Shareholders' funds decreased by 6% to £1,172.6m (2016: £1,241.2m) in the year, principally due to the £200m special dividend paid during the year. Total debt to shareholders' funds (gearing¹) as at 31 March 2017 increased to 0.95x from 0.70x. Adjusted return on equity¹ of 18.2% is up 5.3% points.
Risk management is the responsibility of the Board and is integral to the ability of the Group to deliver on its strategic priorities. The Board is responsible for setting the risk culture of the Group and establishing and maintaining appropriate systems and controls to manage risk. A robust risk management framework has been implemented to support this.
The Group's risk management framework is overseen by the Risk Committee under delegation from the Board. The Risk Committee also considers the effectiveness of the internal control environment. Details of the activities of the Risk Committee in this financial year can be found in the Risk Committee report on pages 60 to 64.
The Risk Committee determines the principal risks through a consideration of the strategy and operating environment of the Group (top down review) and a detailed analysis of individual processes and procedures (bottom up review). The principal risks to the Group are identified and recommended to the Board by the Risk Committee.
The top down review focuses on identifying those risks that could threaten the business model, future performance, capital or liquidity of the business. In identifying risks, consideration is given to risks identified by other asset managers in the sector and relevant regulatory expectations and external developments. The review also considers emerging risks.
The bottom up assessment encompasses the identification, management and monitoring of risks in each area of the business. The infrastructure and in house
distribution teams maintain detailed risk registers which are regularly reviewed, challenged and updated by the Chief Risk Officer (CRO) and the Operational Risk Group (ORG). This review process ensures risk management responsibilities are embedded in the business' first line operations. In addition, the Group's Investment Committees provide oversight of risks related to the investment and fund management activities of the Group.
Executive responsibility for each principal risk is reviewed and agreed. The Board and the Risk Committee consider their appetite for risk across the business and establish the level of acceptable risk for each of the principal risks. Key risk indicators are set and these are monitored by the Risk Committee. The Risk Committee also considers any risk mitigation plans.
The Directors confirm that they have undertaken a robust assessment of principal risks in line with the requirements of the UK Corporate Governance Code. There were no changes to the list of principal risks of the Group in the year.
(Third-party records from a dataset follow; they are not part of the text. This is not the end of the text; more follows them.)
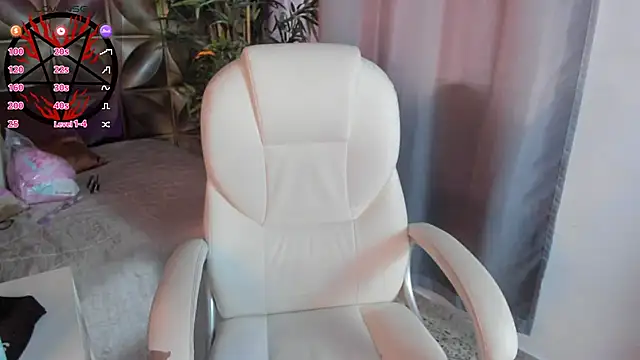 Snapshot of emily-santoss chatting on 10-08-25, 12:39 emily-santoss online show from 10-08-25, 12:39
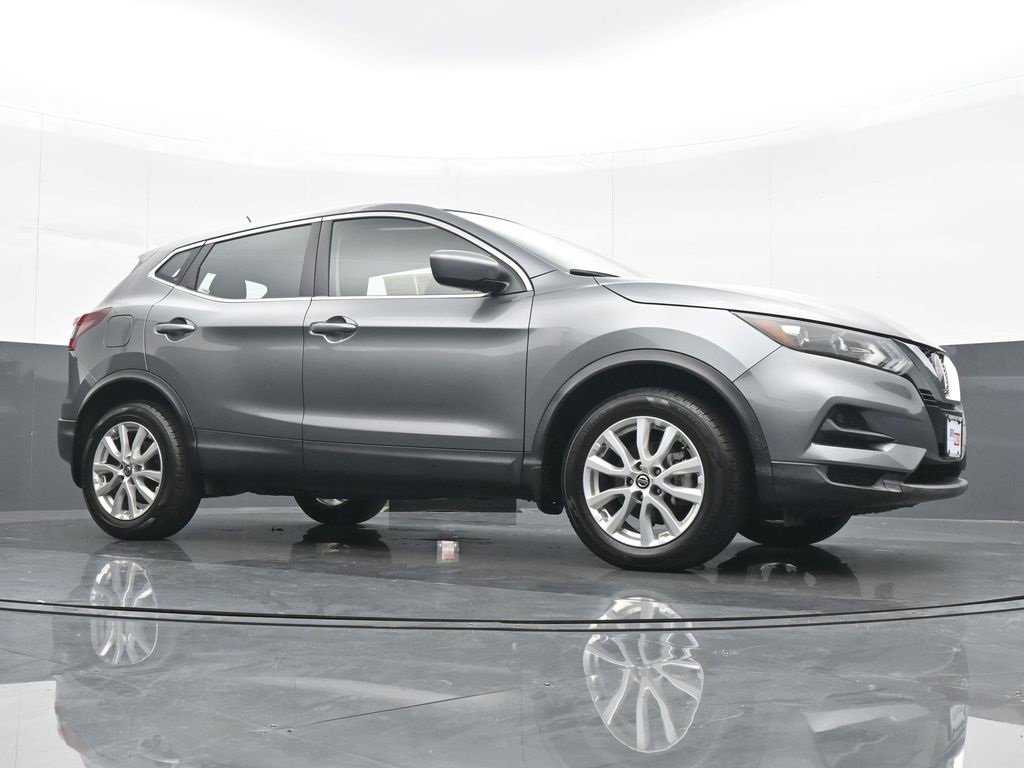 Used 2022 Nissan Rogue Sport S image 23
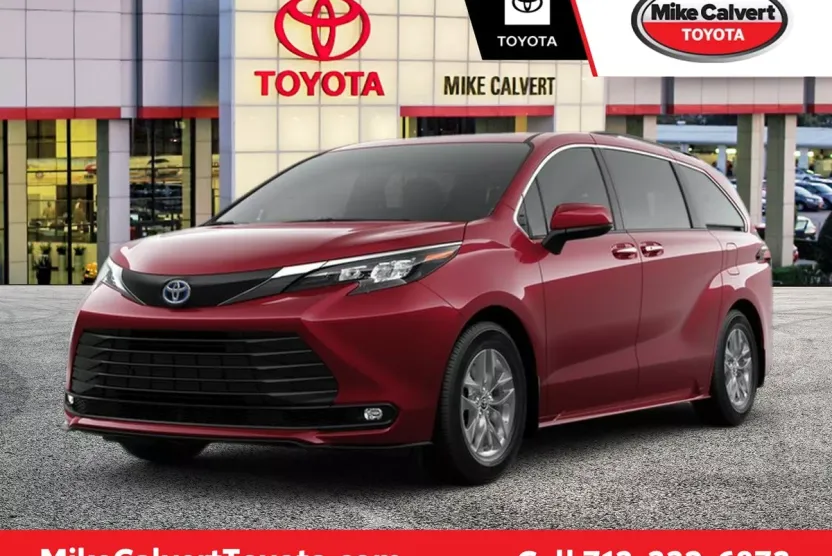 2025 Toyota Sienna XLE photo 1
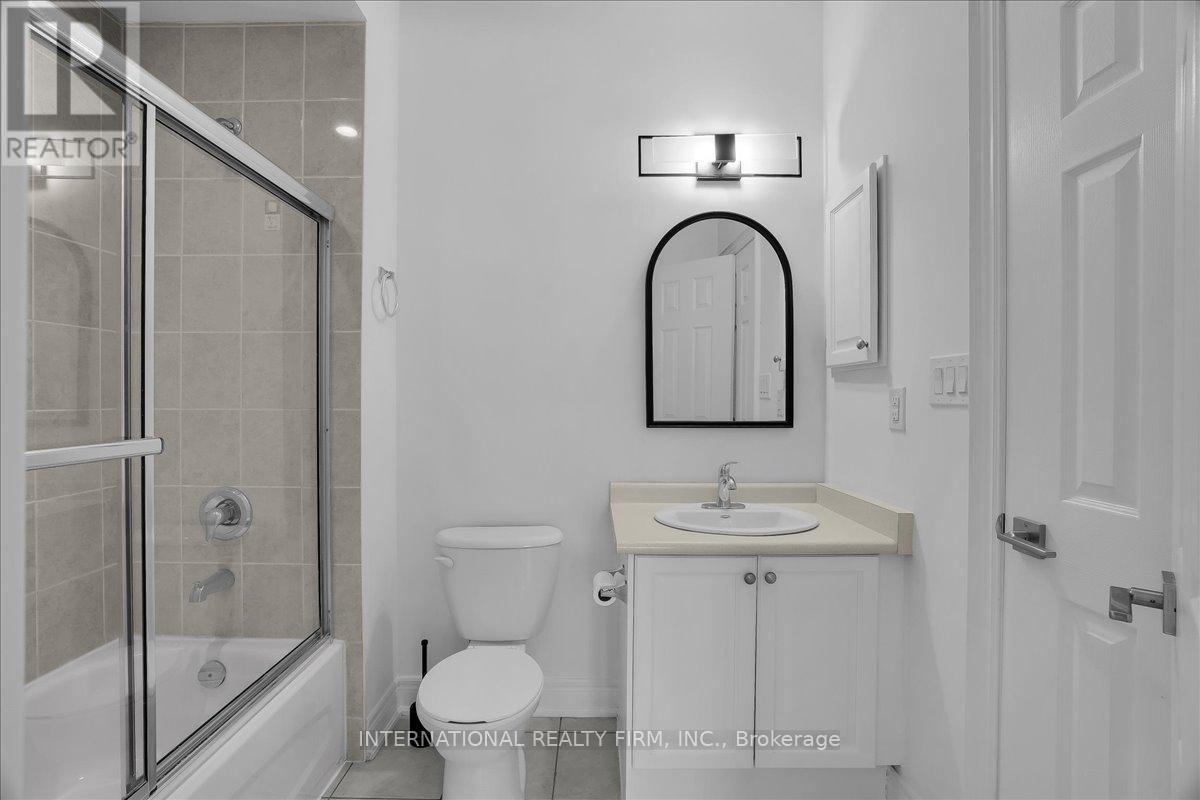 2014 Lakeshore Road W, Mississauga, Ontario  L5J 1J8 - Photo 22 - W13217974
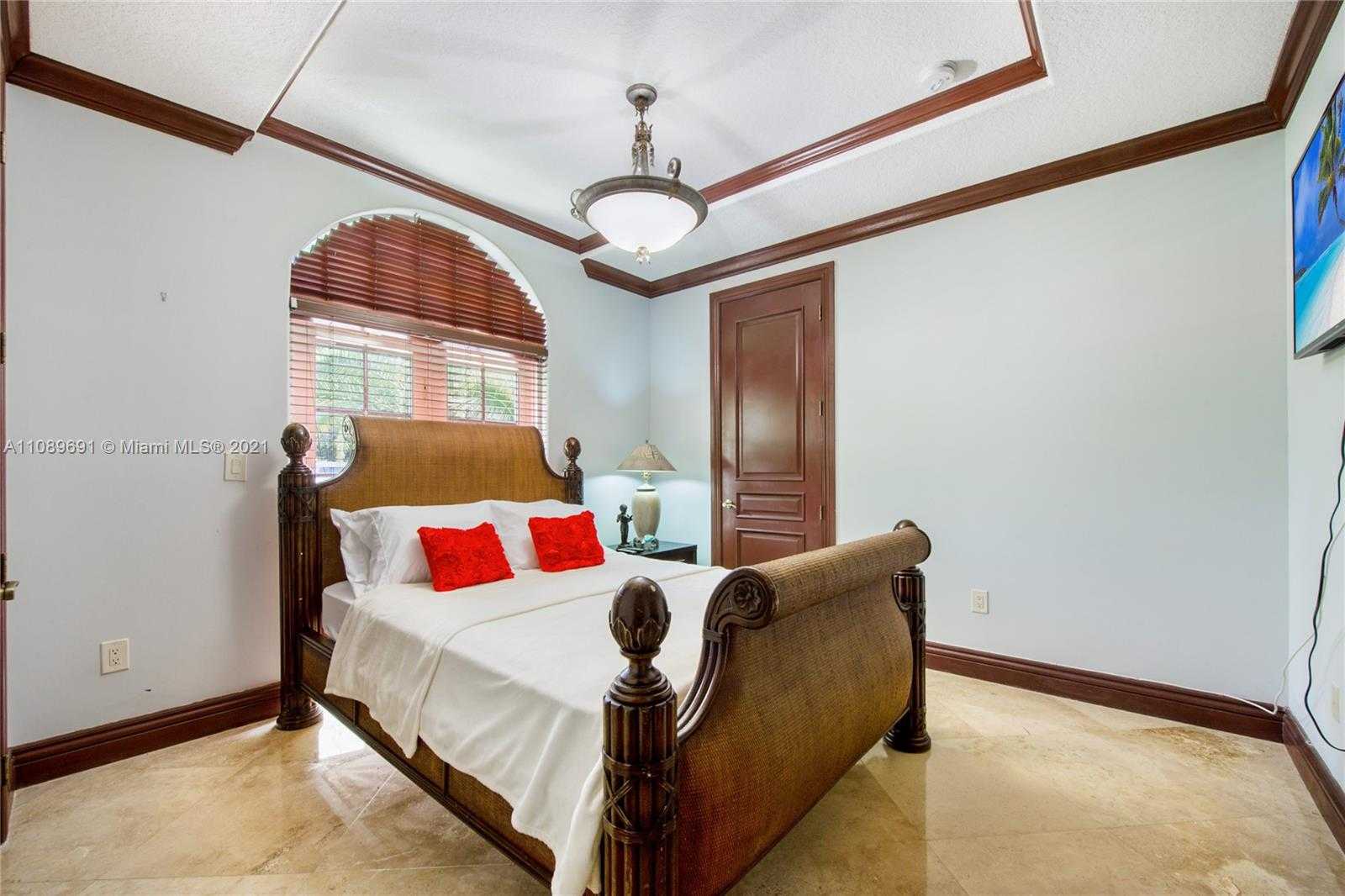 Small Image of 1224 ALMERIA AVE, Coral Gables Number 15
Emerging risks are regularly considered to assess any potential impacts on the Group and to determine whether any actions are required. Emerging risks include those related to regulatory change and macroeconomic and political change, which in the current year have included the UK's decision to leave the European Union.
BUSINESS MODEL
GROUP
MARKETPLACE & STRATEGY
GROUP RISKS PERFORMANCE
RESOURCES & RELATIONSHIPS
The Group considers its principal risks across three categories:
The risk of failing to deliver on our strategic objectives resulting in a negative impact on investment performance and Group profitability.
The risk of an adverse impact on the Group due to market fluctuations, counterparty failure or having insufficient resources to meet financial obligations.
The risk of loss or missed opportunity, resulting from a regulatory or legislative failure or inadequate or failed internal processes, people or systems.
Reputational risk is seen as an outcome of the principal risks materialising. Reputation and brand risk is carefully managed as part of the risk management framework.
The Board acknowledges and recognises that in the normal course of business the Group is exposed to risk and that it is willing to accept a level of risk in managing the business to achieve its strategic priorities. As part of its risk management processes, the Board considers its risk appetite in terms of the tolerance it is willing to accept in relation to each principal risk based on key risk indicators.
| Strategic and business risk | LOWER | HIGHER |
|---|---|---|
| 1 Loss or missed opportunity as a result of major external change |
||
| 2 Failure to maintain acceptable relative investment performance |
||
| 3 Failure to raise new third party funds | ||
| 4 Failure to deploy committed capital in a timely manner |
||
| Market, credit and liquidity risk | LOWER | HIGHER |
| 5 Loss as a result of adverse market fluctuations | ||
| 6 Loss as a result of exposure to a failed counterparty |
||
| 7 Failure to meet financial obligations | ||
| Operational risk | LOWER | HIGHER |
| 8 Loss of a 'key person' and inability to recruit into key roles |
||
| 9 Negative financial or reputational impact arising from regulatory or legislative failing |
||
| 10 Technology and information security risks |
The Group operates a risk governance framework consistent with the principles of the 'three lines of defence' model.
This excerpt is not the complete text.